Air Force leaders pushed to build more F-22s to add to the fleet because they warned a fleet of 187 would be insufficient to defeat an enemy with a top line air force like China. Former Air Force Chief of Staffs Gen. Norton Schwartz and Gen. Michael "Buzz" Moseley argued the costs of re-opening the production line would be too costly to build up the fleet if Congress changed its mind and wanted more F-22s.
If Romney wins and follows through on his plan to buy more F-22s, it would cost at least $900 million to reopen the F-22 production line, according to Loren Thompson, a consultant for Lockheed Martin and other defense companies.
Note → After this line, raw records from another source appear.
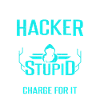 Cybersecurity Computer Hacking Ethical Hacker
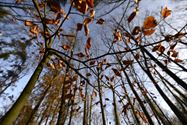 Op zoek naar het herfstlicht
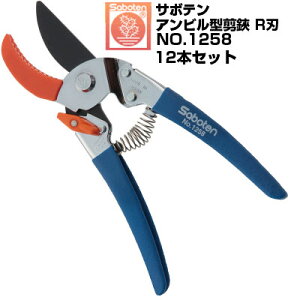 (łI)(12{Zbg) ΂ T{e Ar^ Rn NO.1258yT{e ͂ Ar^Cv ʎ Ԃǂ ݂  S  ` tbfR[g F SOb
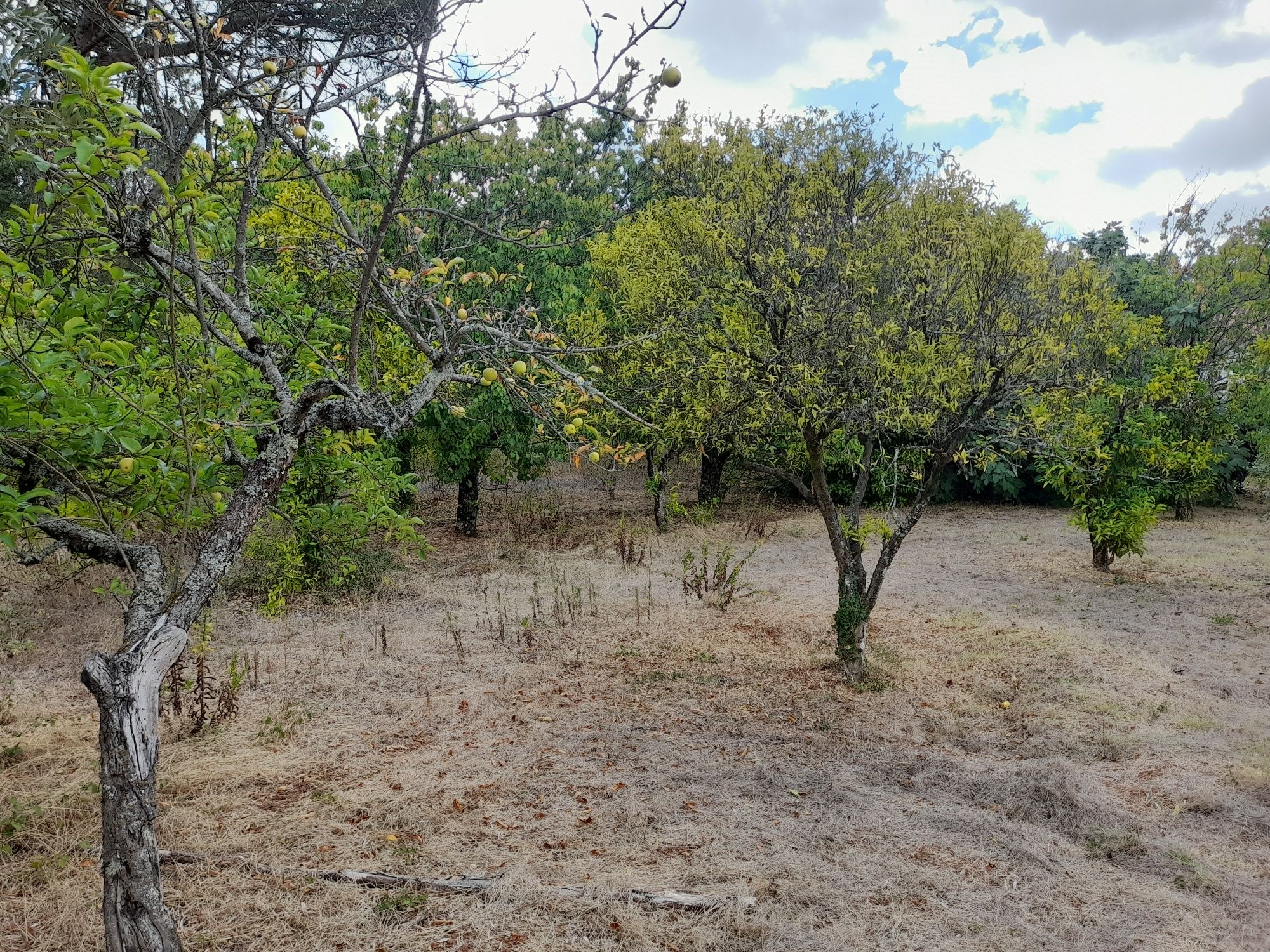 Terreno com 1500m2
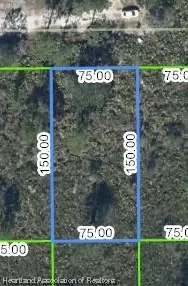 1427 Bittersweet St, Lake Placid, FL 33852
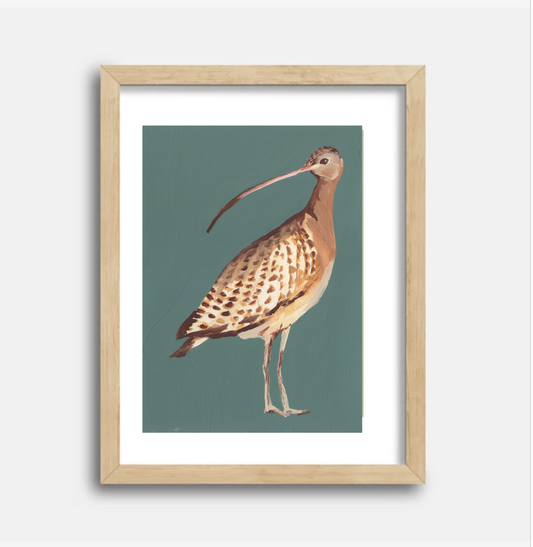 Long Billed Curlew 5x7 Gouache Original Painting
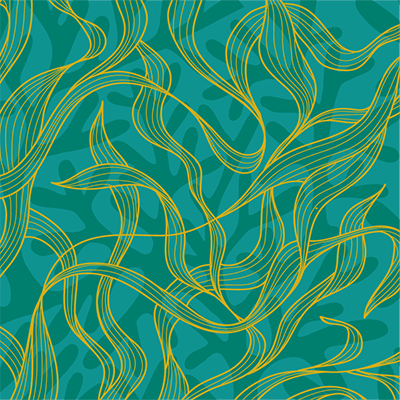 25-9222SeafoodMonth_WEBSITE_FNL_Article 1 Panel Image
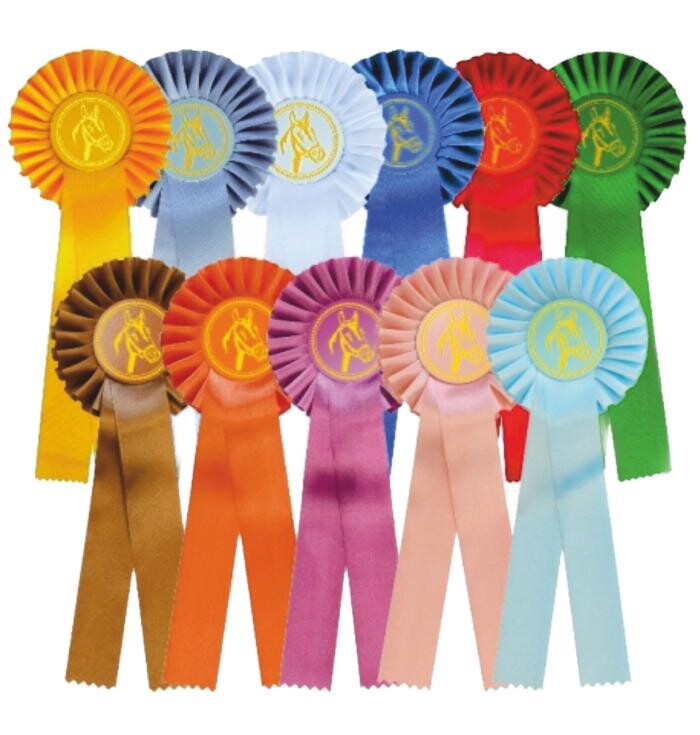 Bilder Pedro Scharffenberger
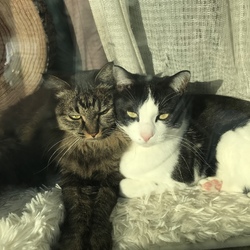 「こたつを出しました！」サムネイル2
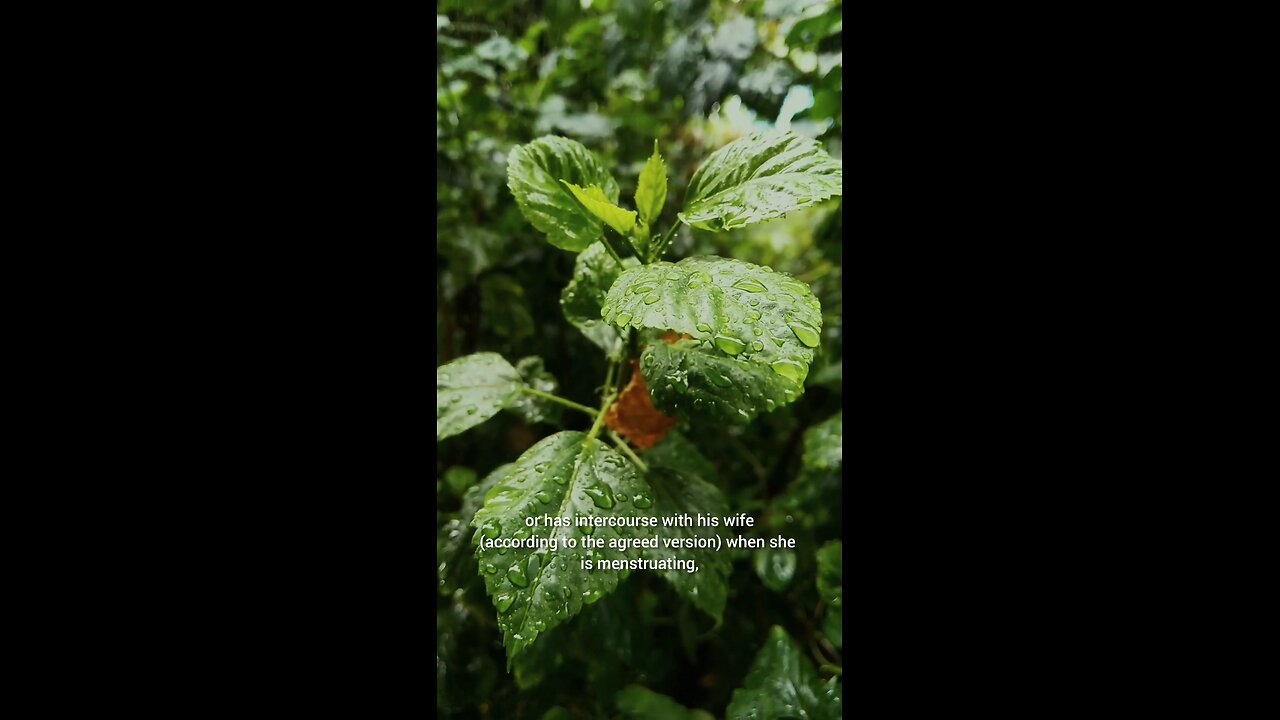 short story from the life of Prophet Muhammad ﷺ🕋☪️🕌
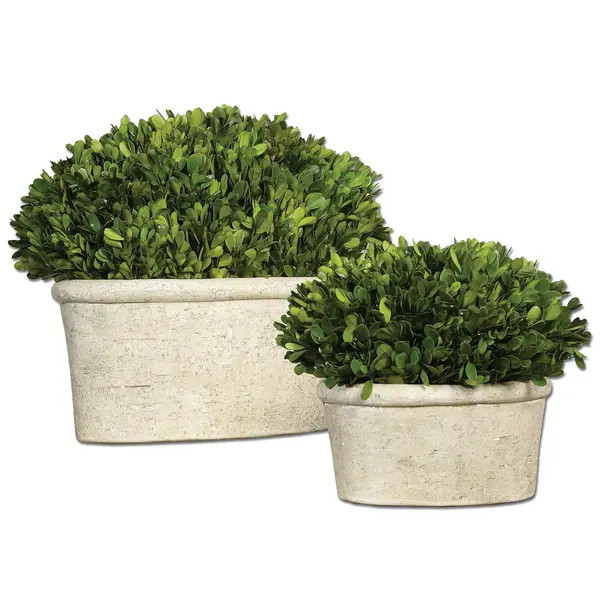 Uttermost Preserved Boxwood with Oval Dome (Set of 2) | Bed Bath & Beyond
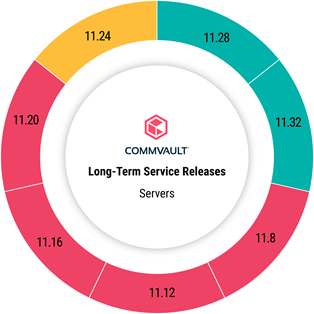 server_status_for_LTS_release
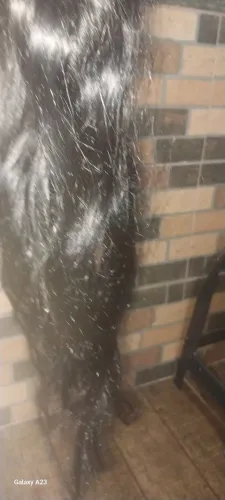 Cabelo humano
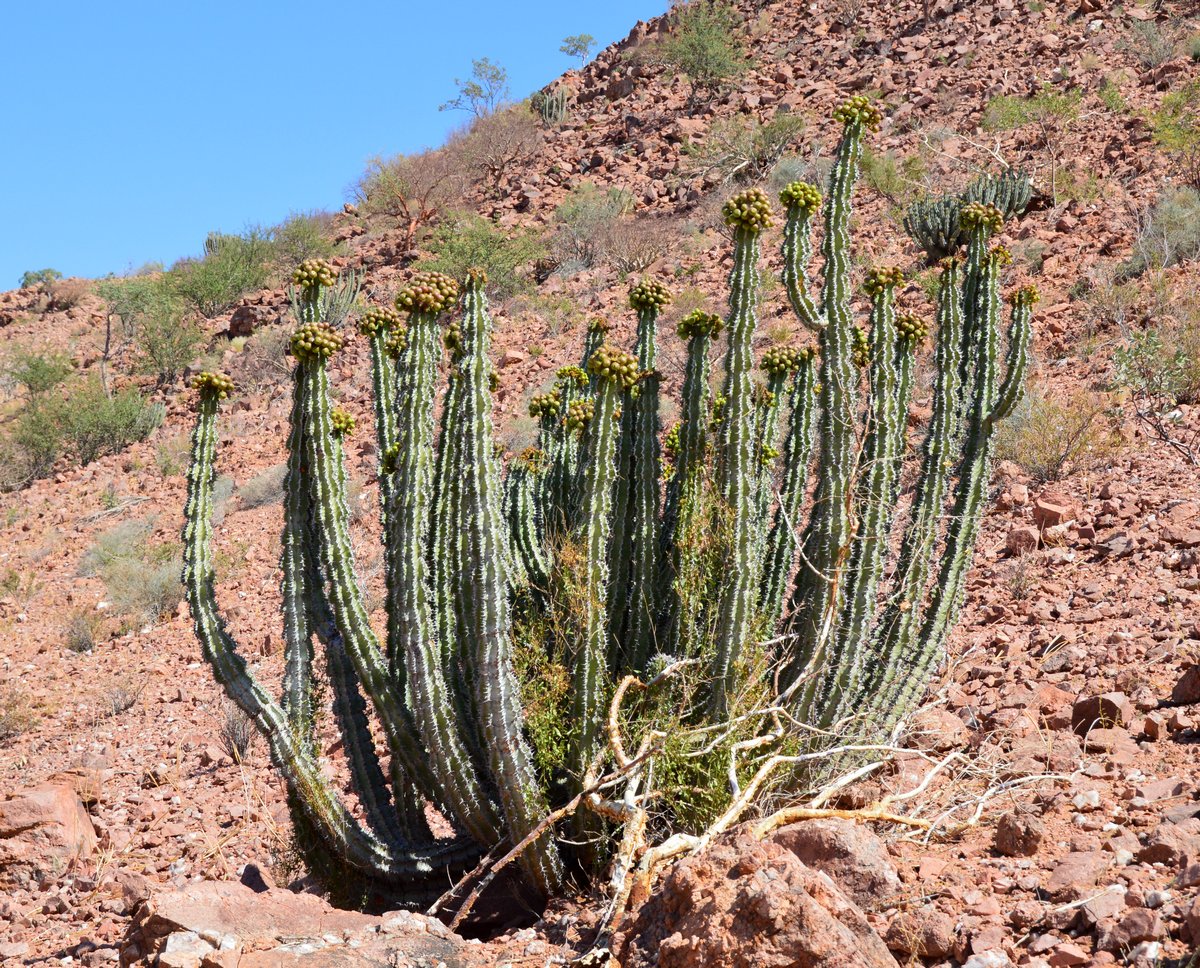 Image of genus Euphorbia specimen.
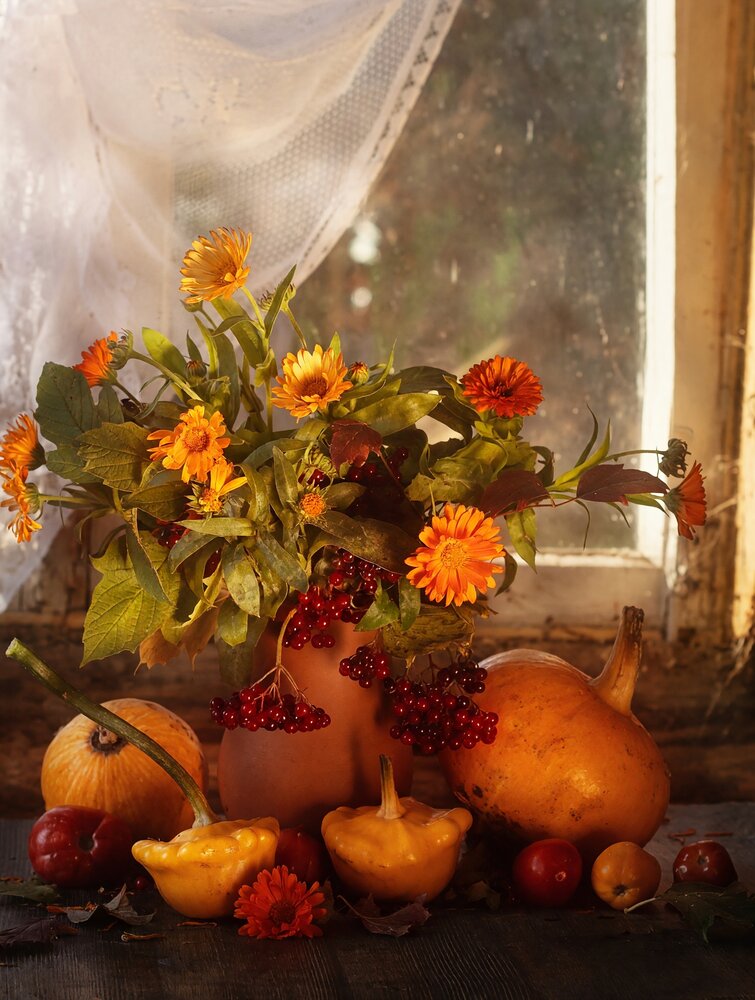 Photograph by Olga Sidorova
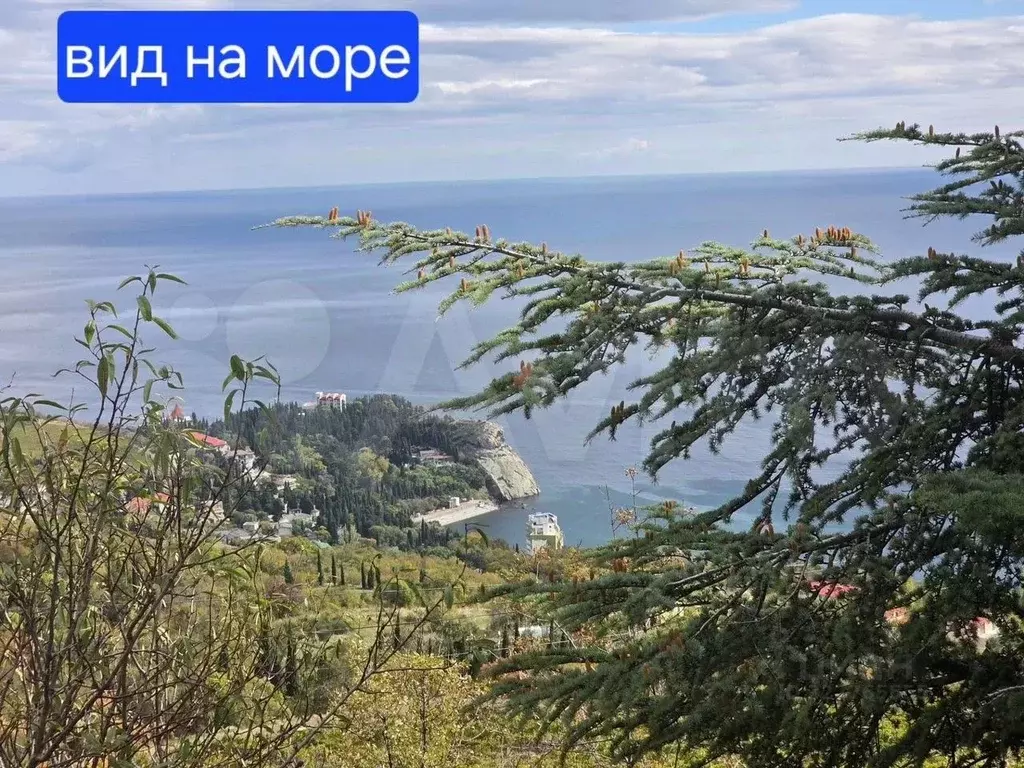 Участок в Крым, Алушта муниципальный округ, с. Кипарисное ул. ... - Фото 1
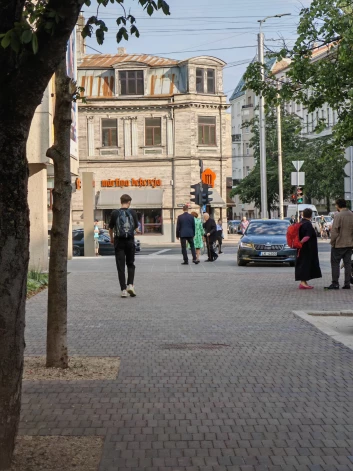 Miesassarga pavadībā vispirms no auto izkāpa pati eksprezidente. Tad šoferis pavēra durvis, izlaizdams arī viņas laulāto draugu Imantu.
In 2010, Japan discussed buying 40 F-22s from Lockheed Martin, builder of the F-22. Lockheed officials then told Japanese leaders it would cost $900 million to re-open the production line. Thompson said the cost would surely increase when considering two years have passed and the production line was still "semi-warm."
The cost to reopen the production line would come in addition to the per aircraft price tag to manufacture each jet. That per aircraft cost is harder to decipher. When factoring in development and manufacturing, the price tag per jet totaled the U.S. more than $370 million. However, the flyaway cost -- the cost of manufacturing one jet -- equaled $137 million per jet.
Re-opening the production line in Marietta, Ga., would take at least two years, Thompson said. Lockheed would be slowed by re-establishing supplier networks and re-training employees.
"In a rush, you could do it in about two years assuming all the other workers weren't on other projects like F-35," Thompson said.
He didn't expect the problems with the F-22's oxygen system to hold a Romney administration back from following through on buying more F-22 plans.
"It wouldn't be a problem, Thompson said. "If there are still issues with the oxgen system they could just switch over to another supplier like Cobham."
There are also questions about whether further F-22 buys would affect the acquisition schedule for the F-35. The Defense Department plans to buy 2,443 F-35 Joint Strike Fighters.